▶ _What is needed_
An exact copy of every entry is needed, with no images.

Scraped caption text data
-.-.-
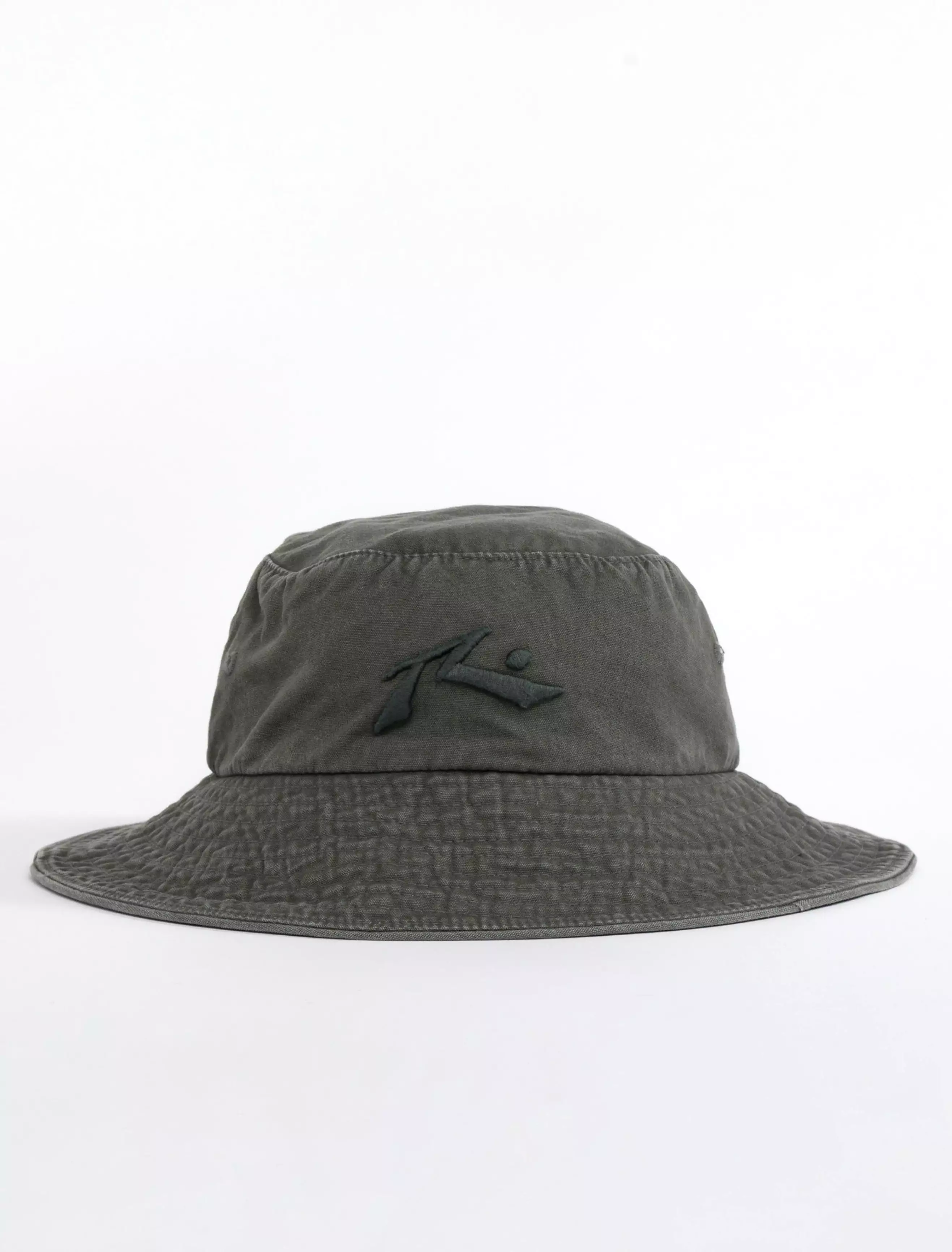 Rusty USA Comp Wash Bucket Hat Dark Army DARK ARMY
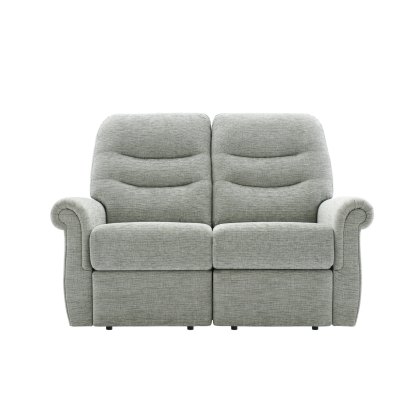 G Plan Holmes 2 Seater Double Manual Recliner Sofa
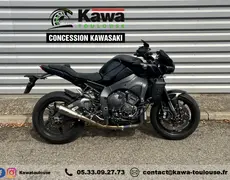 Yamaha MT10 Toulouse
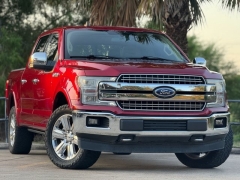 Used 2019 Ford F-150 4WD SuperCrew Lariat 5 1/2 at Drivenci Motors near Olmito, TX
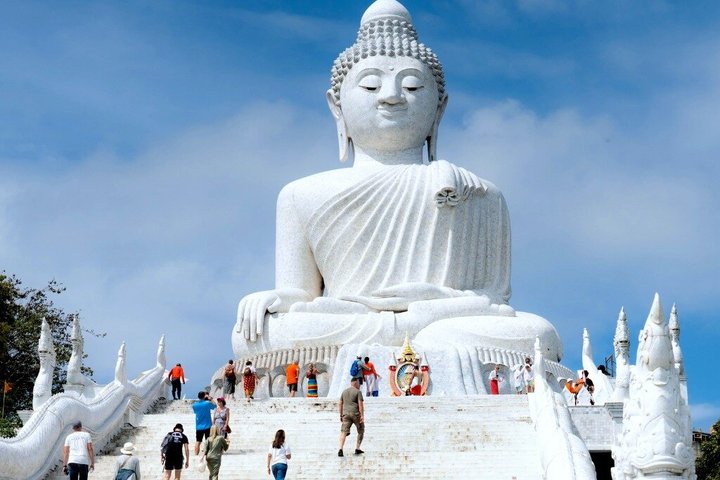 Travstore Original Phuket Discovery Tour - Shared Half Day City Tour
-.-.-
▶ _Response below_
 Rusty USA Comp Wash Bucket Hat Dark Army DARK ARMY
 G Plan Holmes 2 Seater Double Manual Recliner Sofa
 Yamaha MT10 Toulouse
 Used 2019 Ford F-150 4WD SuperCrew Lariat 5 1/2 at Drivenci Motors near Olmito, TX
 Travstore Original Phuket Discovery Tour - Shared Half Day City Tour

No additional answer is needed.